RECORD EXTRACTS:
===

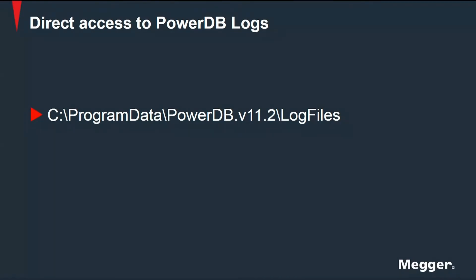You just need to go to the folder that corresponds to the version that you're using. You may have several versions already installed in your computer. If you have updated, you will still have those other folders from the past, but just go to the most recent folder. And then inside that, you will have log files.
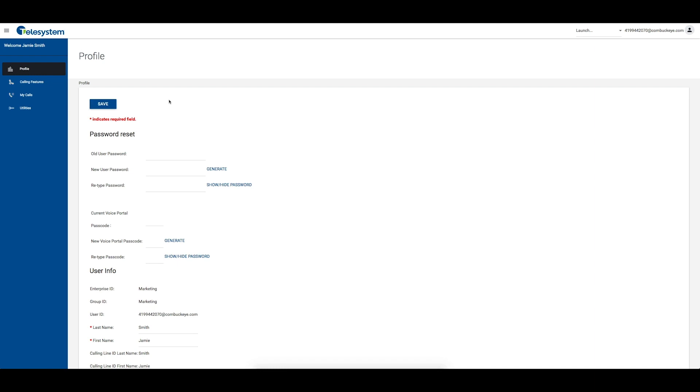Callers whose numbers are unavailable are not rejected. Callers that are rejected are informed that you are not accepting calls from unidentified callers. Your phone does not ring and you do not receive any indication that they called. This does not apply to calls within your group.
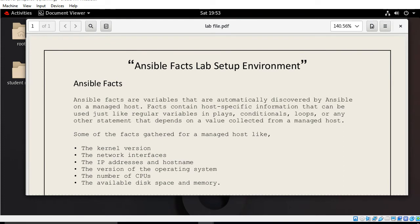For demonstration purposes I have a lab scenario for you. Ansible facts are variables that are automatically discovered by Ansible on a managed host. Facts contain host specification information that can be used just like regular variables in plays, conditionals, loops, or any other statement that depends on values collected from the managed host. Facts are the easiest way to retrieve the state of a managed host to determine what action should be taken based on current status.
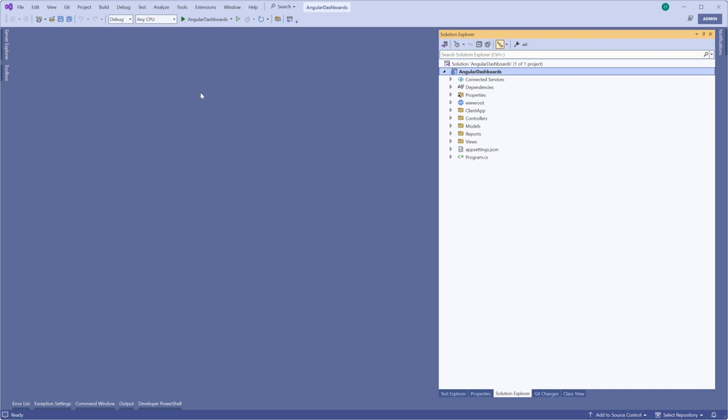Before I start, I'd like to share some important tips. Make sure to check the quality settings on the YouTube player and set it to 720 or higher. Also, expand the player to full screen. This will ensure a clear view of the code and actions demonstrated in the video.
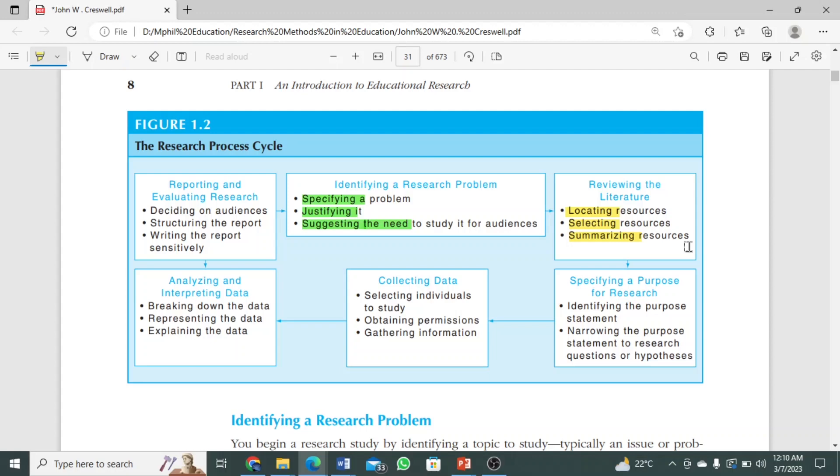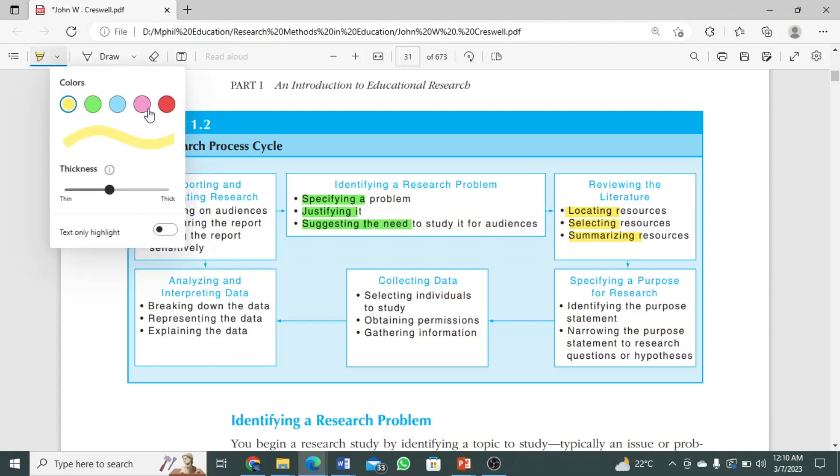After reviewing the literature, the next step is specifying the purpose of research. When you have to find the purpose, how will you find it out?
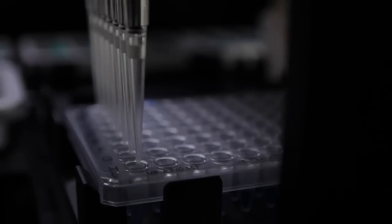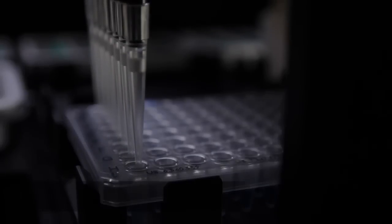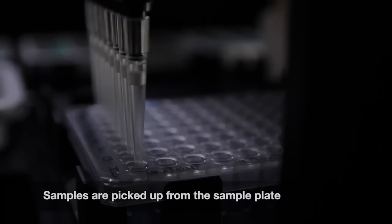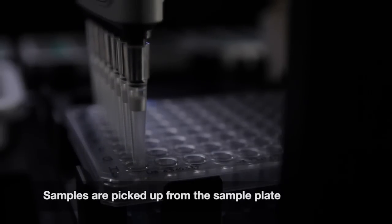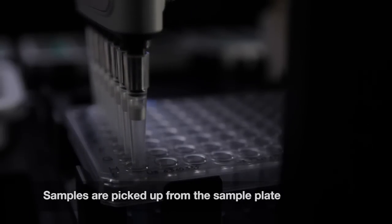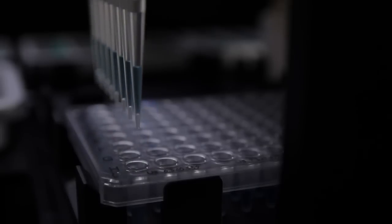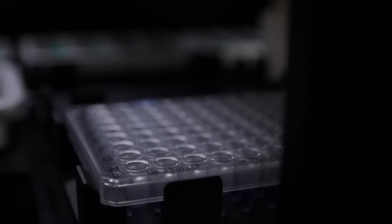First, the multi-channel pipetter transfers PCR reaction mix from each sample plate well to the sample wells of the droplet generation cartridge.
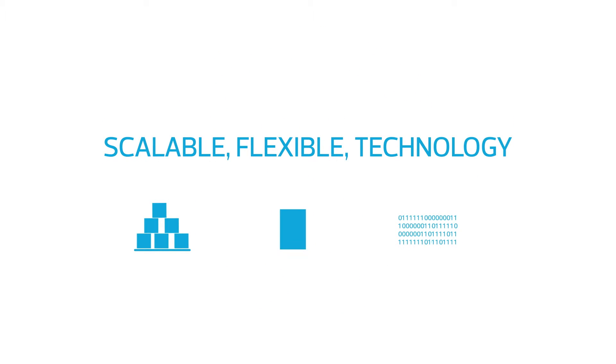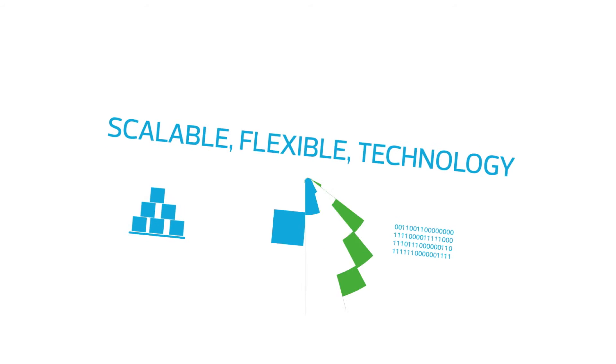Our solution is scalable, flexible and leverages the latest technology to allow you to focus on your core strengths and growing your business.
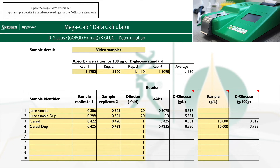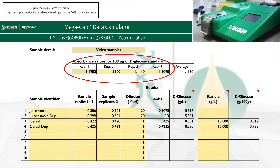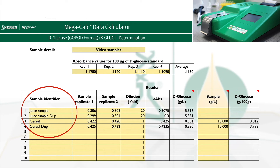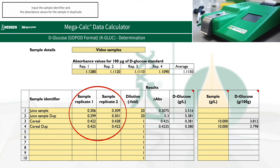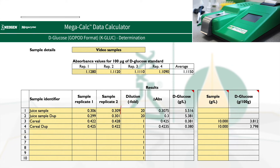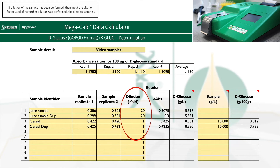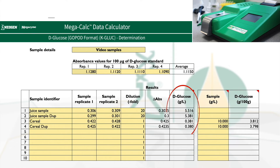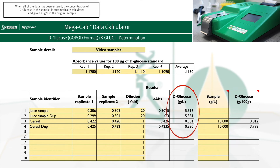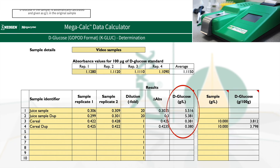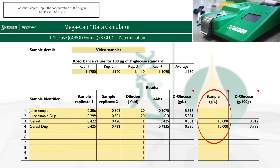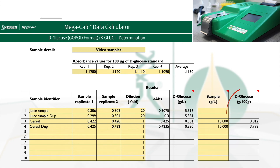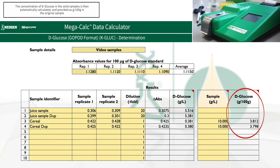Open the MegaCalc worksheet and input the following sample details: absorbance readings for the D-glucose standards. For each sample, input the sample identifier and the absorbance values for the sample in duplicate. If dilution of the sample has been performed, then input the dilution factor used; if no further dilution was performed, the dilution factor is 1. When all of the data has been entered, the concentration of D-glucose in the sample is automatically calculated and given as grams per litre in the original sample. For solid samples, input the concentration of the original sample extract in grams per litre; the concentration of D-glucose in the solid sample is then automatically calculated and provided as grams per 100 grams in the original sample.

===

WHAT YOU HAVE TO DO: Please extract exactly the lines of the data, from the first through the line containing "Callers whose numbers", and add no pictures to the copy.

WRITTEN RESPONSE:
You just need to go to the folder that corresponds to the version that you're using. You may have several versions already installed in your computer. If you have updated, you will still have those other folders from the past, but just go to the most recent folder. And then inside that, you will have log files.
Callers whose numbers are unavailable are not rejected. Callers that are rejected are informed that you are not accepting calls from unidentified callers. Your phone does not ring and you do not receive any indication that they called. This does not apply to calls within your group.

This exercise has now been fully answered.